You probably wont be able to run it, but here is some info. This is my data loader

class AGR_Dataset(Dataset):
    def __init__(self, annotations_root, img_root, transform=None):
        """
        Arguments:
            annotations_root (string): Path to the csv file with annotations.
            img_root (string): Directory with all the images.
            transform (callable, optional): Optional transform to be applied
                on a sample.
        """
        self.annotations_root = annotations_root
        self.img_root = img_root
        self.transform = transform

    def __len__(self):
        return len(self.annotations_root)
    
    def __getitem__(self, idx):
        # idx may be the index or image name, I think image naem
        if torch.is_tensor(idx):
            idx = idx.tolist()
        
        idx_name = os.listdir(self.img_root)[idx]
        # print(idx_name)
        
        img_name = os.path.join(self.img_root, idx_name)
        annotation_data = os.path.join(self.annotations_root, f"{idx_name.removesuffix('.jpg')}.txt")
        # print(img_name, annotation_data)

        image = io.imread(img_name)

        with open(annotation_data, 'r') as file:
            lines = file.readlines()
            img_data = []
            img_labels = []
            for line in lines:
                line = line.split(',')
                line = [i.strip() for i in line]
                line = [float(num) for num in line[0].split()]
                img_labels.append(int(line[0]))
                img_data.append(line[1:])

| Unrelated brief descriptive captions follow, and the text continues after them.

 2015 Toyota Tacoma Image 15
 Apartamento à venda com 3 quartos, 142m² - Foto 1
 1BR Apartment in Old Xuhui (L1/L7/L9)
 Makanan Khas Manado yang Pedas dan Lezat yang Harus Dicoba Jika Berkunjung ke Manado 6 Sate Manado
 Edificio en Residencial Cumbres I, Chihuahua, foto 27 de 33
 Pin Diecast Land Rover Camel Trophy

        boxes = tv_tensors.BoundingBoxes(img_data, format='CXCYWH', canvas_size=(image.shape[0], image.shape[1]))

        # sample = {'image': image, 'bbox': boxes, 'labels': img_labels}
        sample = {'image': image, 'bbox': boxes}

        if self.transform:
            sample = self.transform(sample)

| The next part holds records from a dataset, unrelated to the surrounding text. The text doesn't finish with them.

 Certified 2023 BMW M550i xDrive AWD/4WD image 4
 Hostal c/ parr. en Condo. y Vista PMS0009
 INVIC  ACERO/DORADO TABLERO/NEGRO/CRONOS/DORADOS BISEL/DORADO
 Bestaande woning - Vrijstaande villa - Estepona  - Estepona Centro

        print(sample['image'].shape)
        print(sample['bbox'].shape)
        # print(sample['labels'].shape)
        return sample

I run my transforms and create the dataloader

data_transform = v2.Compose([
    v2.ToImage(),
    # v2.Resize(680),
    v2.RandomResizedCrop(size=(680, 680), antialias=True),
    # v2.ToDtype(torch.float32, scale=True),
    v2.ToTensor()
])

transformed_dataset = AGR_Dataset(f'{annotations_path}/test/', 
                        f'{img_path}/test/',
                        transform=data_transform)

dataloader = DataLoader(transformed_dataset, batch_size=2,
                        shuffle=False, num_workers=0)

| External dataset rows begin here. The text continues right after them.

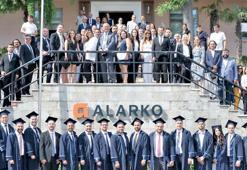 Geleceğin liderleri diplomalarını aldı
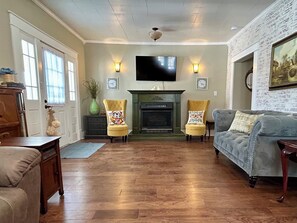 Una Smart TV, libros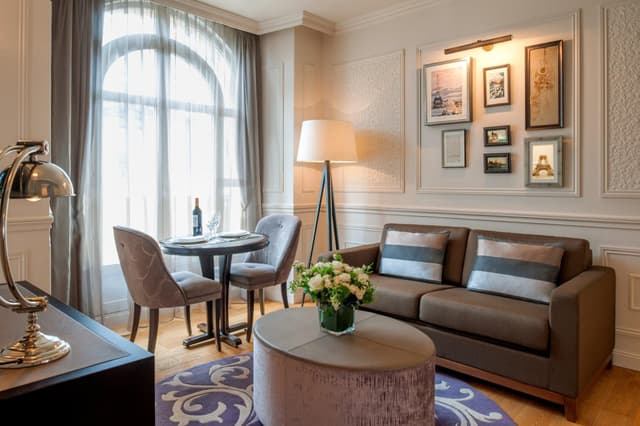 Junior Suite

Then I am trying to iterate through it with this, and eventually view and image with the bounding boxes.

for i, sample in enumerate(dataloader):
    print(i, sample)
    print(i, sample['image'].size(), sample['bbox'].size())

    if i == 4:
        break

With a batch size of 1, it runs properly, with a batch size of 2, I get this error

torch.Size([3, 680, 680])
torch.Size([12, 4])

torch.Size([3, 680, 680])
torch.Size([259, 4])

RuntimeError: stack expects each tensor to be equal size, but got [12, 4] at entry 0 and [259, 4] at entry 1
  1. I believe it is due to the number of bounding boxes not being equal, but how do I overcome this?
  2. Do I need the ToTensor in my transforms? I am starting to think I don't as v2 uses ToImage(), and ToTensor is becoming depreciated.

Any other comments or help would be appreciated. I am not sure how to create a working example, I will continue to try.

What I have tried I have tried not loading the bounding boxes in as tensors, by commenting the tv_tensors.BoundingBoxes line in the dataloader, but then for some reason my resize doesnt work properly.

I just tried splitting bboxes and images like this in the dataloader

sample = image
    target = {'bbox': boxes, 'labels': img_labels}

No luck with that

1

There are 1 best solutions below

1
Conner Carriere On

I have found an answer to the problem.

In the dataloader, the collate_fn needs to be set to the collate_fn in the utils package that torchvision has!